In Singapore’s fast-moving business environment, innovation is no longer optional — it’s a strategic advantage. And with the Enterprise Innovation Scheme (EIS), the government is giving small businesses real financial incentives to invest in that advantage.

If you’re looking to build smarter systems, adopt new technology, or improve operations, this scheme could significantly reduce your corporate tax burden or offer immediate cash support.
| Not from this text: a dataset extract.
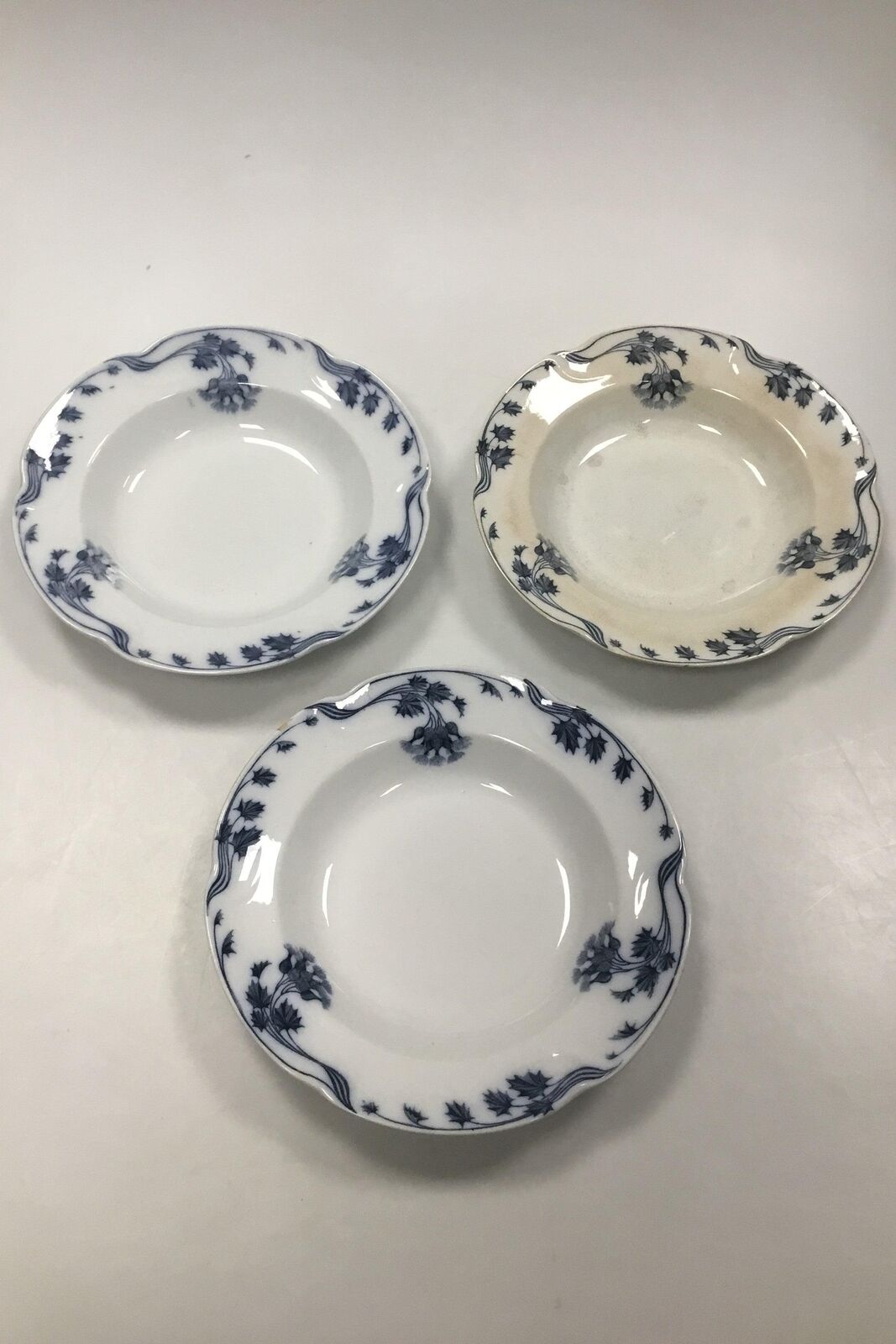 Villeroy and Boch Milla / Thistle Deep Plate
But like any tax incentive, the benefits depend on how well you understand the rules and structure your claims.

Here’s what you need to know — and how to make the most of it.

What Is the Enterprise Innovation Scheme?

The Enterprise Innovation Scheme is a tax initiative by the Inland Revenue Authority of Singapore (IRAS) designed to support businesses that invest in innovation, R&D, and capability development.

Running from YA 2024 to YA 2028, the scheme allows eligible businesses to claim up to 400% tax deductions or opt for a 20% cash payout (up to $100,000 per YA) on qualifying expenses.

This scheme is especially beneficial for small and medium-sized enterprises (SMEs) investing in systems, training, or innovation projects without massive in-house R&D departments.

Who’s Eligible?

You’re eligible if your business is:

  • Tax resident in Singapore
  • Incurring costs on approved innovation-related activities
  • Maintaining proper records and documentation to support claims

There are no minimum income or staff requirements, making the scheme highly accessible to startups and smaller operations.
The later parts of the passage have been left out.